Monday, October 25, 2010

Fah Sang Wu



When I was young, this is the dessert I look forward to at the end of the nine course dinner at wedding banquets. I love this more than the shark fin soup. It is served with 'woh peng'..a kind of red bean paste pancake...yummy. Now that I am older, I would still go ga ga over it. When I saw the recipe featured in one my favourite magazines - Flavours - a bi-monthly food magazine from Malaysia, I immediately put it on my 'to bake/cook' list.

You will need :
400g smooth, unsweetened peanut butter (Blend 400g roasted, skinned peanuts with 4g salt)
85g brown sugar or to taste
1 litre hot water
2 tbsps rice flour mixed with 4 tbsps water to a smooth paste
  • In a saucepan, combine the peanut butter,sugar and water and stir until smooth, bring to boil over medium heat.
  • Stir in rice flour mixture and bring back to boil over low heat, stirring continuously.
  • Remove from heat and serve hot or cold.

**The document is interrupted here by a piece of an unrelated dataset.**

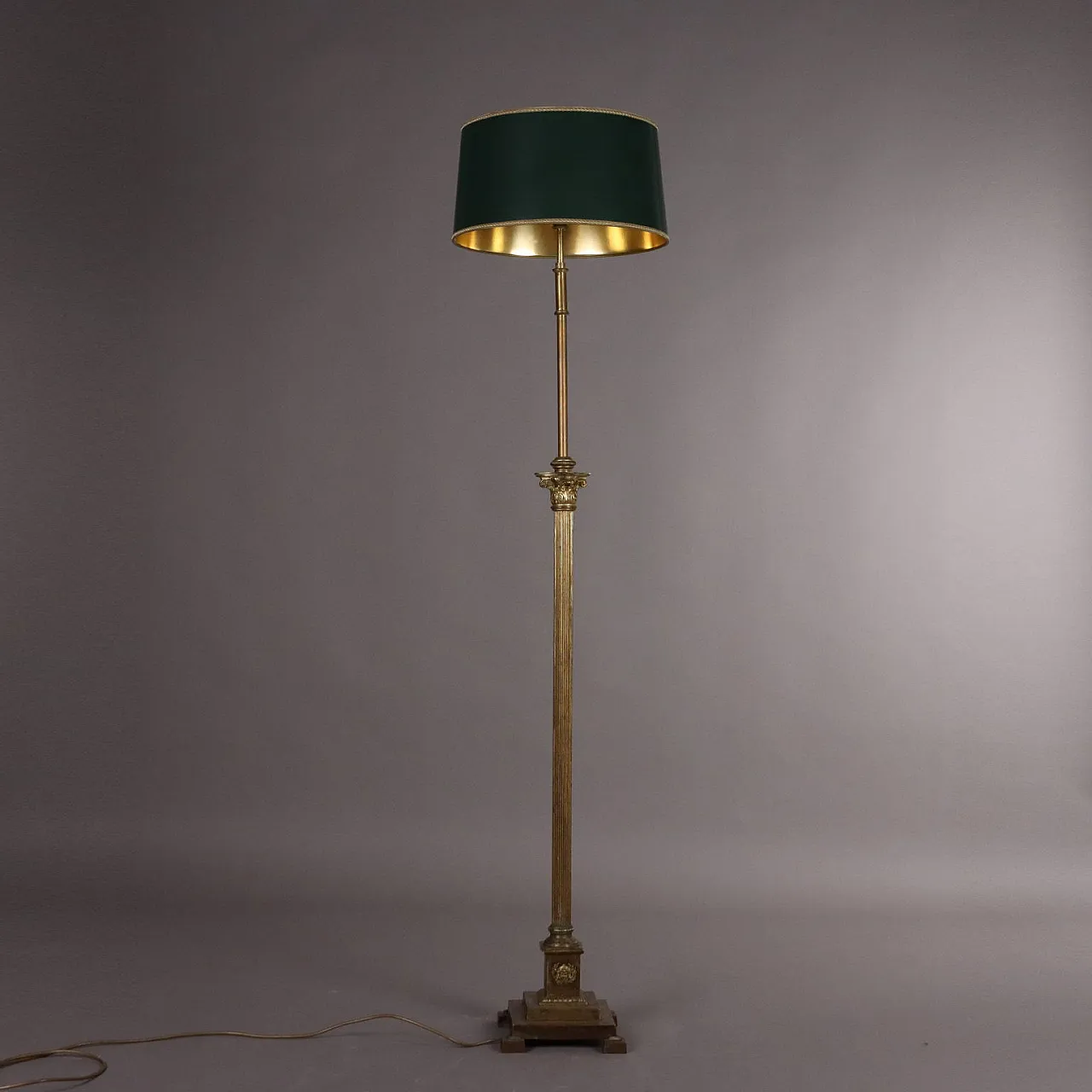 Neoclassical bronze floor lamp, 20th century 1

You can make homemade peanut butter too by blending 80g of honey into the freshly blended peanut paste. For chunky peanut butter, stir in chopped roasted peanuts. So, I guess it is healthier but I am not sure how long it can be kept. There is another easier way of getting the peanut paste. You can buy freshly blended peanut paste from Carrefour. You can save time and do not need to roast and blend the peanuts on your own :)...I have yet to try.

1 comment:

SIG said...

I love this and had it once can't remember where and it was so beautiful but never again after that have I tasted one as good. Those instant ones just don't make the grade!